Strong consistency guarantees that every read reflects the most recent write. It ensures that all data views are updated immediately and accurately after a change. Strong consistency is typically associated with orchestration, since it often relies on a central coordinator to manage atomic updates across multiple data views — either updating all at once, or none at all. Such “over-engineering” may be required for systems where minor discrepancies can be disastrous, e.g. financial transactions, but not in our case.
Eventual consistency allows for temporary discrepancies between data views, but given enough time, all views will converge to the same state. This approach typically pairs with choreography, where each worker reacts to events independently and asynchronously, without needing a central coordinator.

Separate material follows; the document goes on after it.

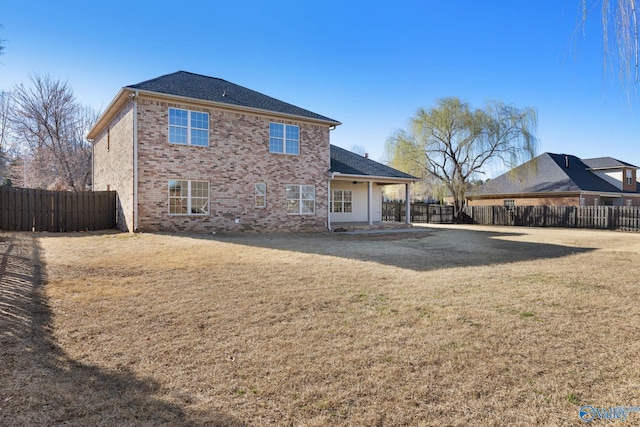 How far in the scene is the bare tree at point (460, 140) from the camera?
2566cm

The asynchronous and loosely-coupled design of the dataflow architecture is characterised by eventual consistency of data views, achieved through a choreography of materialisation logic.
And there are perks to that.
Perks: at the system level
Resilience to partial failures: The asynchrony of choreography is more robust against component failures or performance bottlenecks, as disruptions are contained locally. In contrast, orchestration can propagate failures across the system, amplifying the issue through tight coupling.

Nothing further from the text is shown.